Although media attention focused on a young class of voters and the uniqueness of this historical moment, a deeper analysis is necessary. If nothing else, this election provided an opportunity to examine the shifting landscape of Nigeria’s elite electoral politics, and the increasingly complex voting patterns of citizens, while understanding these voters are increasingly a minority—less than 30 percent of the registered voters (about one-tenth of the population) cast their vote.

The dizzying rise of Peter Obi as a “third force” candidate over the last nine months was largely due to a movement of emergent and middle-class youth, the so-called “Obidients,” who used technology to galvanize a youthful base to push forward their candidate. That the Obidient movement was formed, ironically, off the back of the EndSARS movement, is in many ways a direct contradiction. The generation that was “leaderless” now suddenly had a leader. The rate at which young people chose this candidate still gives me whiplash. But there was no shaking their convictions. Obi was their candidate, and no one could shake their belief that a new Nigeria would be formed under his presidency, despite the evidence that he was directly endorsed by the same ruling class that has led to the country’s demise.

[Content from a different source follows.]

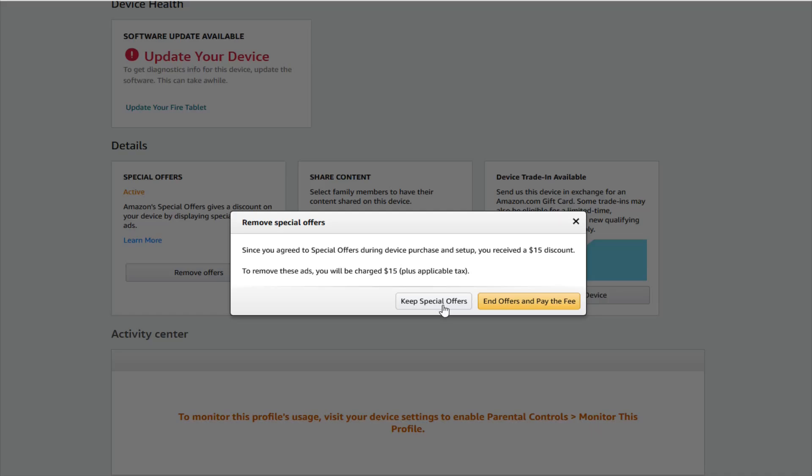So I hope this video is helpful walking you through the step-by-step process on how you go about removing ads from a Kindle e-reader or a Fire tablet that is supported with ads. I appreciate you guys stopping by. Consider subscribing to the YouTube channel and I'll see you back here next time.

Obi is not a revolutionary, a social welfarist, nor even pro labor, but he became the savior many youth were looking for to “rescue” Nigeria. Ironically, the millions of youth that fought the EndSARS battle, and named themselves the leaderless soro soke (“speak up” in Yoruba) generation, did not seek elective office themselves. Rather, many put their eggs in Obi’s basket in supporting an older, veteran politician whose clean cut and soft demeanor led to his near deification. Other EndSARS activists, including Omoyele Sowore, were mocked for running in the election and were seen as not experienced enough for the job. In the end Sowore  performed abysmally at the polls, despite his demonstrated commitment to Nigerian youth and human rights record and involvement in the EndSARS protests (Sowore’s African Action Congress polled only 14,608 votes, faring worse than in the 2019 election).

This absolute faith in Obi was demonstrated when his followers patiently waited for five days after the election to hear from him. Instead of sending them into the streets, he advised them to wait for him to challenge the electoral irregularities in the courts. Why did a leaderless generation need a hero?

The contradictions in the EndSARS ideology and the Obidient campaign will be tested in the years ahead. After the Lekki massacre on October 20, 2020 brought the massive street protests of the EndSARS movement to an abrupt halt, many of the sites of protests shut down completely and groups that were loosely organized dismantled into relative silence for almost two years. In fact, there was little indication that EndSARS would evolve into a mass political movement until Peter Obi emerged on the scene in May 2022. The first- and second anniversaries of the Lekki massacre were marked by smaller protests in Lagos and a few other cities, which paled in comparison to the numbers at the 2020  protests. Still, efforts to free many of the prisoners arrested during EndSARS are proving difficult, with some protesters and victims still in jail today. There was no direction, no cohesiveness, and no willingness to move forward at that point. But in May 2022, seemingly out of nowhere, things began to shift. A candidate emerged that many EndSARS protesters seemed to think would be the savior.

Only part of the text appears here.